[v5,12/16,gdb/generic] corefile/bug: Use thread-specific gdbarch when dumping register state to core files

Message ID 20230907152018.1031257-13-luis.machado@arm.com
State New
Headers
Series SME support for AArch64 gdb/gdbserver on Linux |

Checks

Context Check Description
linaro-tcwg-bot/tcwg_gdb_build--master-aarch64 success Testing passed
linaro-tcwg-bot/tcwg_gdb_build--master-arm success Testing passed
linaro-tcwg-bot/tcwg_gdb_check--master-aarch64 success Testing passed
linaro-tcwg-bot/tcwg_gdb_check--master-arm success Testing passed

Commit Message

Luis Machado Sept. 7, 2023, 3:20 p.m. UTC
  When we have a core file generated by gdb (via the gcore command), gdb dumps
the target description to a note.  During loading of that core file, gdb will
first try to load that saved target description.

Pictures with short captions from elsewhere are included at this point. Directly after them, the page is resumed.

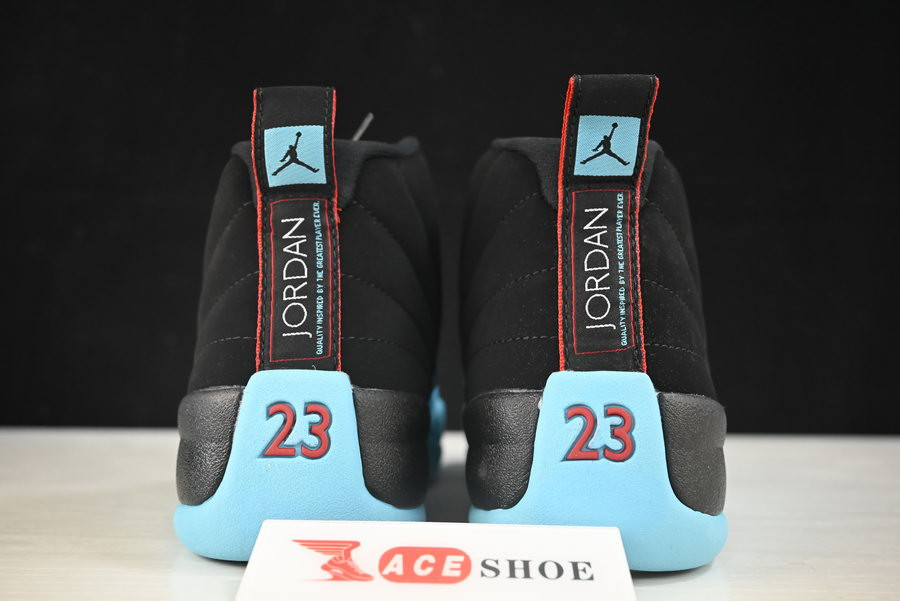 AIR JORDAN 12 RETRO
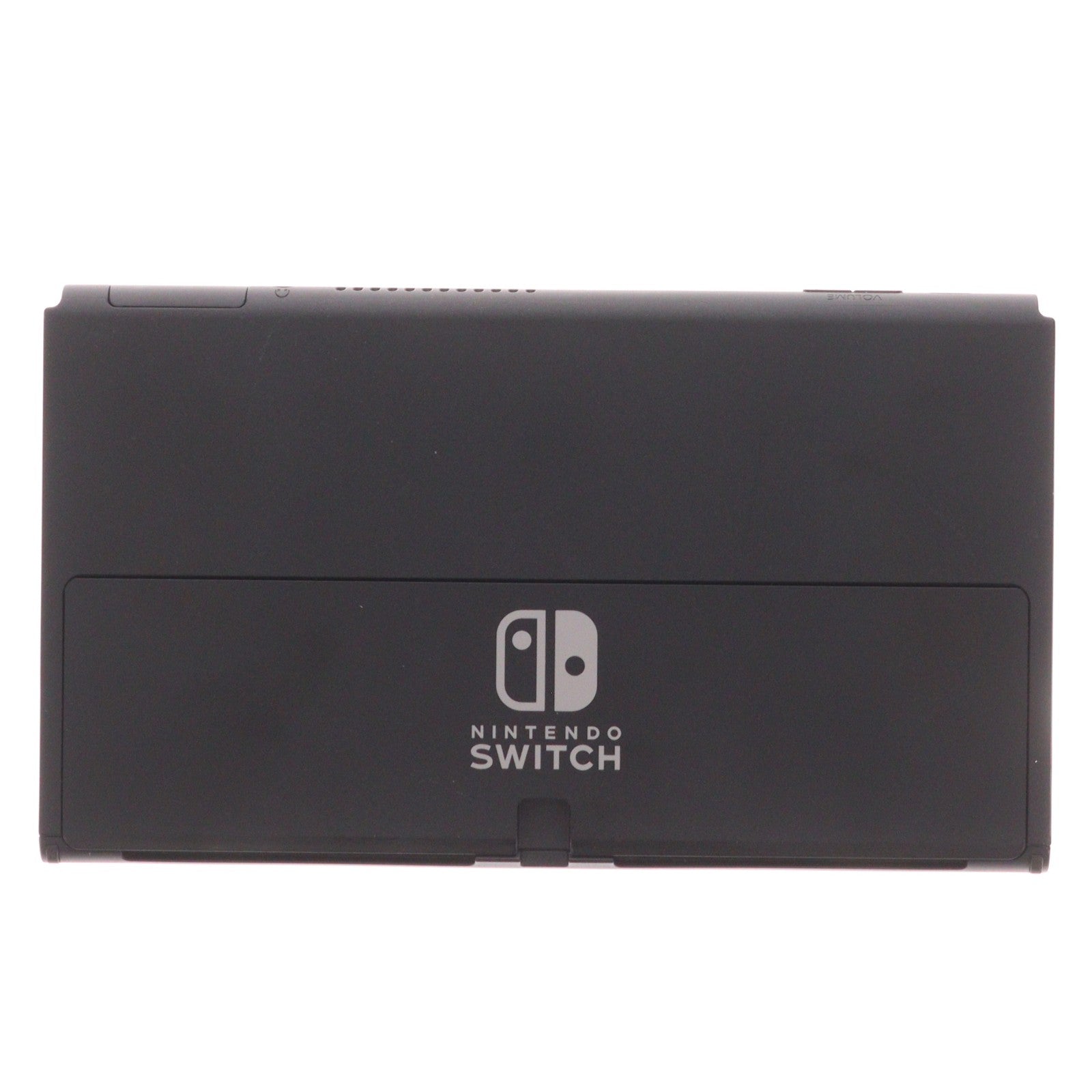 【中古即納】[Switch] (本体) Nintendo Switch(ニンテンドースイッチ) 有機ELモデル Joy-Con(L)/(R) ホワイト 任天堂(HEG-S-KAAAA)(20211008)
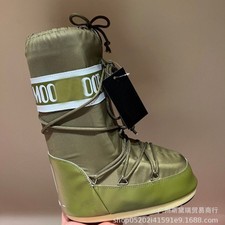 Moon Boot Donna Abbigliamento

This works fine for almost all architectures. But AArch64 has a few
dynamically-generated target descriptions/gdbarch depending on the vector
length that was in use at the time the core file was generated.

The target description gdb dumps to the core file note is the one generated
at the time of attachment/startup.  If, for example, the SVE vector length
changed during execution, this would not reflect on the core file, as gdb
would still dump the initial target description.

Another issue is that the gdbarch potentially doesn't match the thread's
real gdbarch, and so things like the register cache may have different formats
and sizes.

To address this, fetch the thread's architecture before dumping its register
state.  That way we will always use the correct target description/gdbarch.
---
 gdb/linux-tdep.c | 18 +++++++++++++++++-
 1 file changed, 17 insertions(+), 1 deletion(-)
  

Comments

Luis Machado Sept. 8, 2023, 11:09 a.m. UTC | #1
Could a global maintainer please go through this change and let me know if it is OK? It touches a generic part of gdb.

Though I don't think it should change the behavior of non-aarch64 targets.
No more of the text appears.